■ Task:
The records that follow must be repeated exactly, minus the images.

■ Available data:
*** Block opens ***
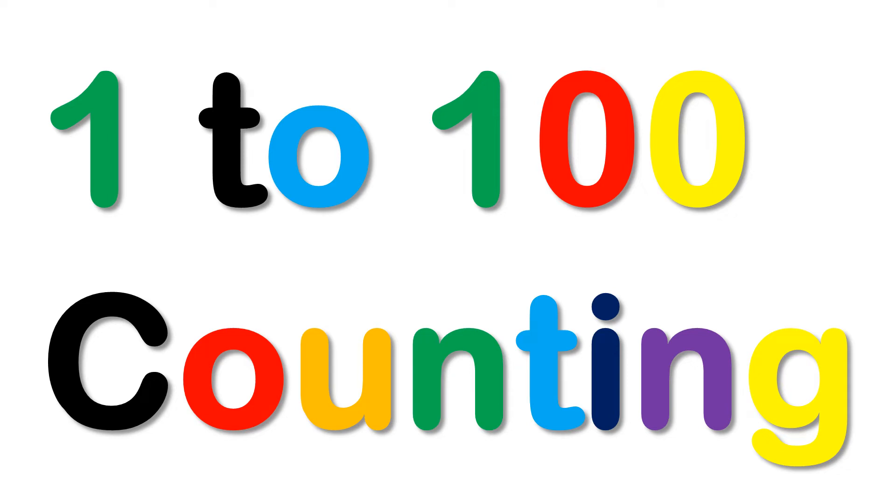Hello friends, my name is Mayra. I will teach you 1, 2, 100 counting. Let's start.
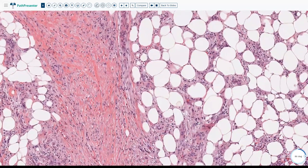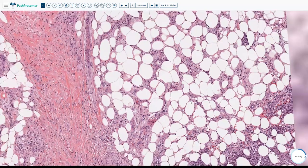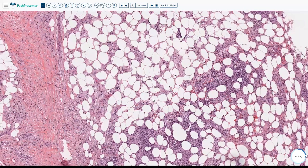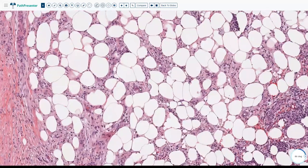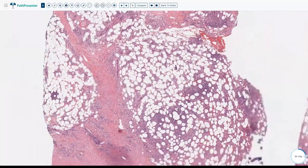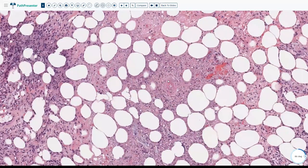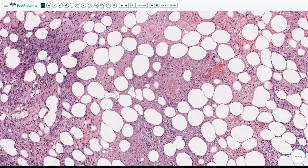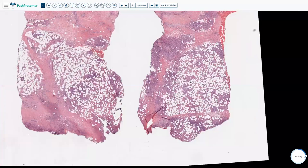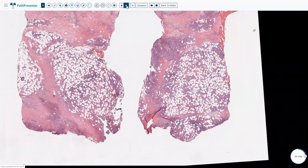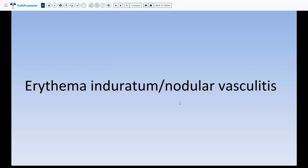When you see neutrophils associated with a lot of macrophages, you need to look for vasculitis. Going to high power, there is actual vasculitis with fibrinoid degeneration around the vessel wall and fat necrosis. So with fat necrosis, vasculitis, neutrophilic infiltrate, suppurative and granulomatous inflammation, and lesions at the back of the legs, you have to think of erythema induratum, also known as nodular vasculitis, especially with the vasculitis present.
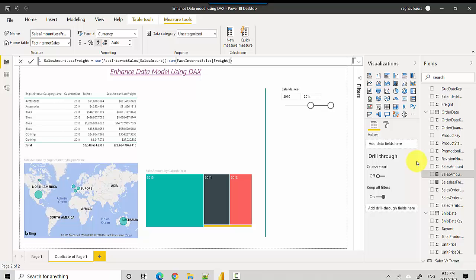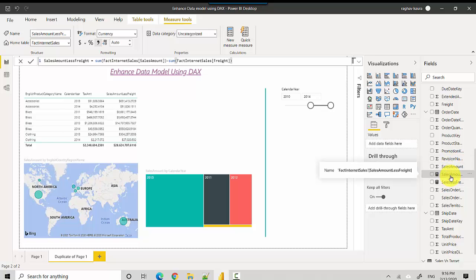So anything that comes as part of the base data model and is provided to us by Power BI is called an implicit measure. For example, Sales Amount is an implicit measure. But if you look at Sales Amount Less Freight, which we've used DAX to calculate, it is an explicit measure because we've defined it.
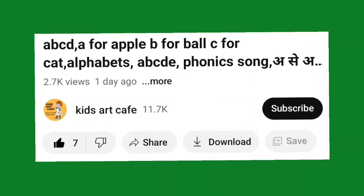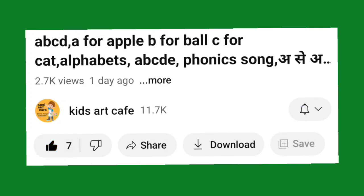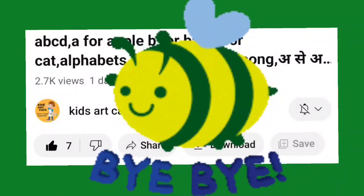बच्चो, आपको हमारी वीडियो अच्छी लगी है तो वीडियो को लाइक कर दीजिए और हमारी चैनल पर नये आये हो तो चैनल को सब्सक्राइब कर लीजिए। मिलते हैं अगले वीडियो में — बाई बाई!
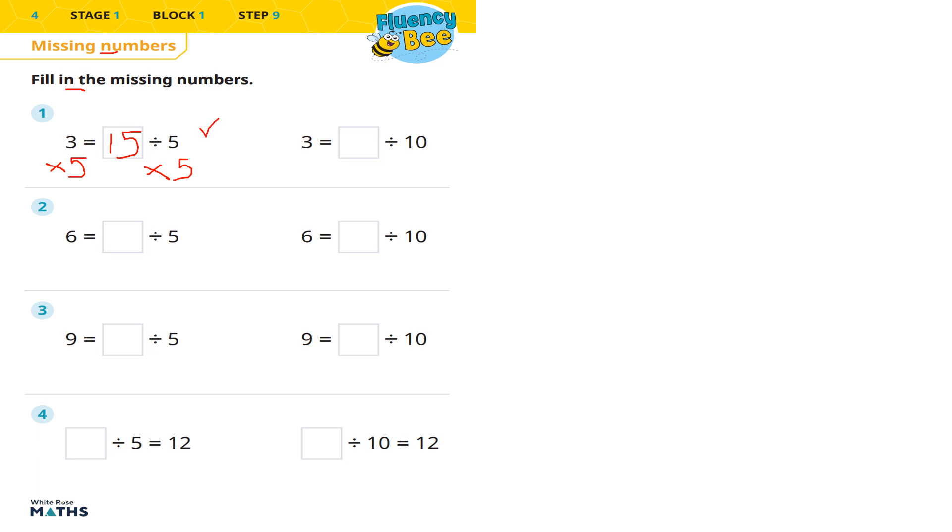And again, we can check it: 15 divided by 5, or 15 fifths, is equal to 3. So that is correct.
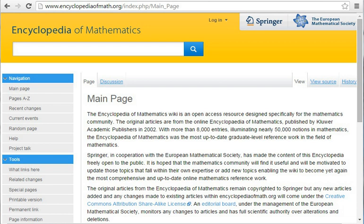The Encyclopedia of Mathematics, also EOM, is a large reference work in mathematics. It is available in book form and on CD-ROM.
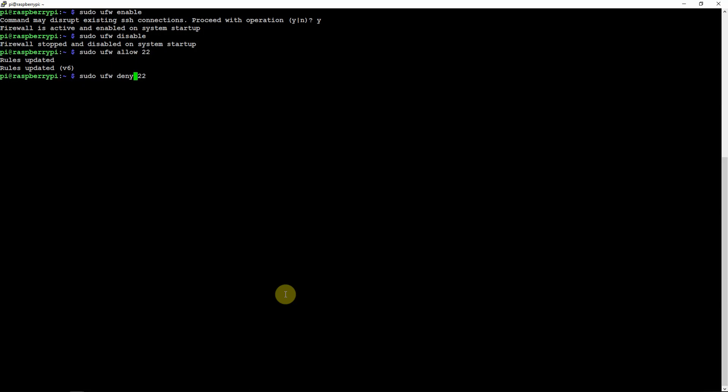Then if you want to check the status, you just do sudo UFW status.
*** Block closes ***
■ Response:
Hello friends, my name is Mayra. I will teach you 1, 2, 100 counting. Let's start.
When you see neutrophils associated with a lot of macrophages, you need to look for vasculitis. Going to high power, there is actual vasculitis with fibrinoid degeneration around the vessel wall and fat necrosis. So with fat necrosis, vasculitis, neutrophilic infiltrate, suppurative and granulomatous inflammation, and lesions at the back of the legs, you have to think of erythema induratum, also known as nodular vasculitis, especially with the vasculitis present.
So anything that comes as part of the base data model and is provided to us by Power BI is called an implicit measure. For example, Sales Amount is an implicit measure. But if you look at Sales Amount Less Freight, which we've used DAX to calculate, it is an explicit measure because we've defined it.
बच्चो, आपको हमारी वीडियो अच्छी लगी है तो वीडियो को लाइक कर दीजिए और हमारी चैनल पर नये आये हो तो चैनल को सब्सक्राइब कर लीजिए। मिलते हैं अगले वीडियो में — बाई बाई!
And again, we can check it: 15 divided by 5, or 15 fifths, is equal to 3. So that is correct.
The Encyclopedia of Mathematics, also EOM, is a large reference work in mathematics. It is available in book form and on CD-ROM.
Then if you want to check the status, you just do sudo UFW status.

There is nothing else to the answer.